Ce cheval de Troie, c’est Stéphane Cardin, directeur des politiques publiques de Netflix pour le Canada. Dynamique, intelligent, aussi à l’aise dans l’une et l’autre de nos langues officielles et connaissant le marché sur le bout de ses doigts, l’ex-vice-président du Fonds des médias du Canada* est aussi astucieux qu’Ulysse.
Il n’arrive pas comme le héros grec caché dans un cheval de bois, mais fort d’un trésor de guerre quasi inépuisable. Netflix ne s’estil pas engagé à dépenser 500 millions $ au Canada en cinq ans ? Des « pinottes » en regard des 13 milliards $ qu’il se prépare à investir en séries originales, mais un pactole pour nos producteurs affamés et nos diffuseurs à bout de souffle.
LA CBC A BRISÉ LA GLACE
Notre diffuseur public, la CBC, fut le premier à succomber aux appels de la sirène américaine. Sans l’apport de Netflix, Anne, l’excellent « remake » du roman de Lucy Maud Montgomery, n’aurait pas vu le jour. Pas plus qu’Alias Grace, la minisérie adaptée du roman de Margaret Atwood.
La première offensive de Stéphane Cardin se portera sans doute du côté francophone. Une grosse coproduction Radio-Canada/Netflix avec quelques-unes de nos vedettes clouerait le bec des nombreux détracteurs québécois du Goliath de Reed Hastings.

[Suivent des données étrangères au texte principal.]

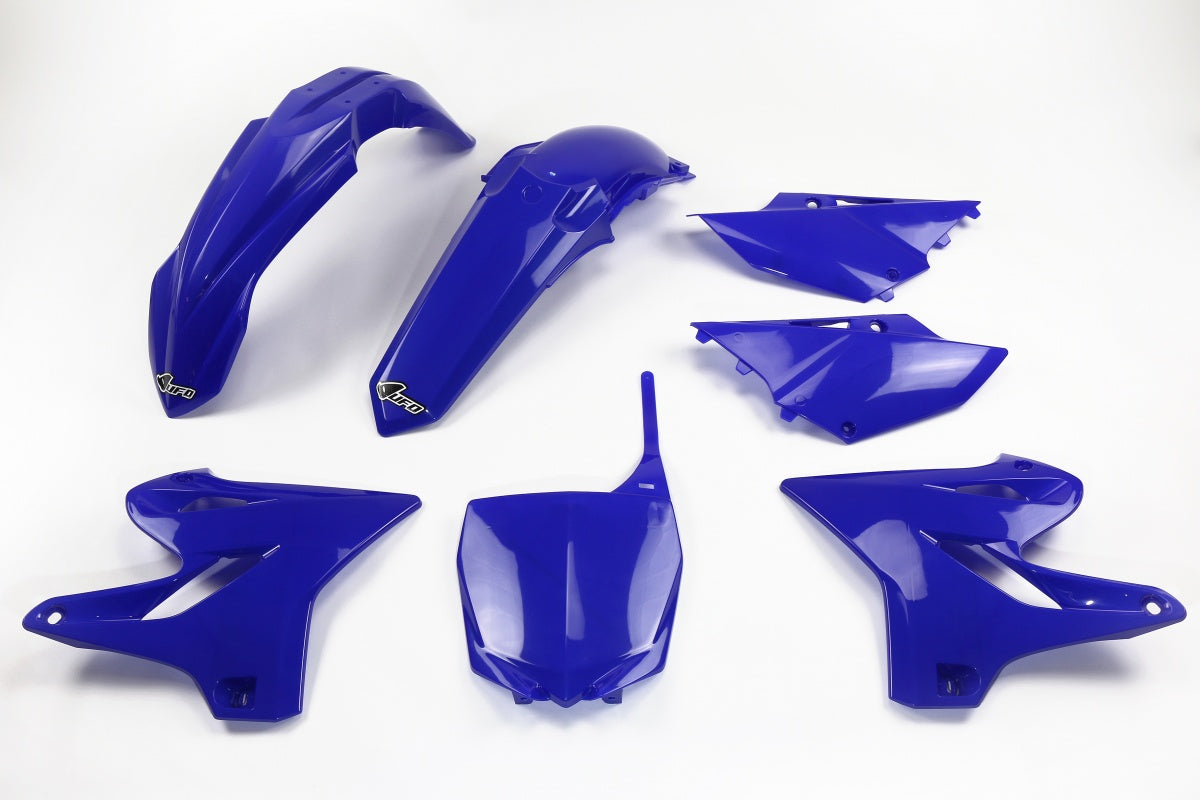 UFO Plasticset Blauw YAMAHA YZ125/YZ250 2015-2021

La présence de Netflix chez nous comme investisseur et distributeur est à première vue une bénédiction. Elle permettra de financer des séries qu’on ne pourrait jamais produire seul. Elle leur assurera surtout une vitrine mondiale.
RICHE COMME NETFLIX
Quand on est aussi riche que Netflix, on ne compte pas. La première saison de The Crown aurait coûté 150 millions $ CAN, soit 15 millions $ par épisode. La deuxième aurait coûté davantage. C’est 15 à 20 fois plus que nos séries. Celles de Netflix ne sont pas toutes produites à ce prix. Heureusement, car ce que Netflix compte investir au Canada ne suffirait pas à produire une seule minisérie par an.
Ces budgets faramineux ne peuvent qu’alimenter une inflation galopante des coûts de production, rendant à terme nos propres séries hors de portée de nos diffuseurs. Il s’en faut déjà de peu pour que CBC/Radio-Canada soient les seuls réseaux capables de s’offrir des séries comme Murdoch Mysteries, Les pays d’en haut ou Unité 9.
LA PROIE POUR L’OMBRE
Hier, le Globe and Mail publiait une longue déclaration des patrons de quatre sociétés de technologie du Québec, dont Stingray d’Éric Boyco, dénonçant les effets pervers de l’aide gouvernementale à des sociétés étrangères comme Warner et Ubisoft, qui paient peu ou pas d’impôt chez nous. Sans compter que les crédits qu’elles touchent pour les emplois créés contribuent à assécher notre réservoir de main-d’oeuvre qualifiée.
Si Netflix et ses semblables bénéficient des mêmes aides financières que nos producteurs, ceux-ci se retrouveront vite dans la même situation désavantageuse que nos sociétés canadiennes de technologie.
Nous aurons alors, encore une fois, lâché la proie pour l’ombre.
* Par souci de transparence, notez que je fais partie du conseil d’administration du Fonds des médias du Canada.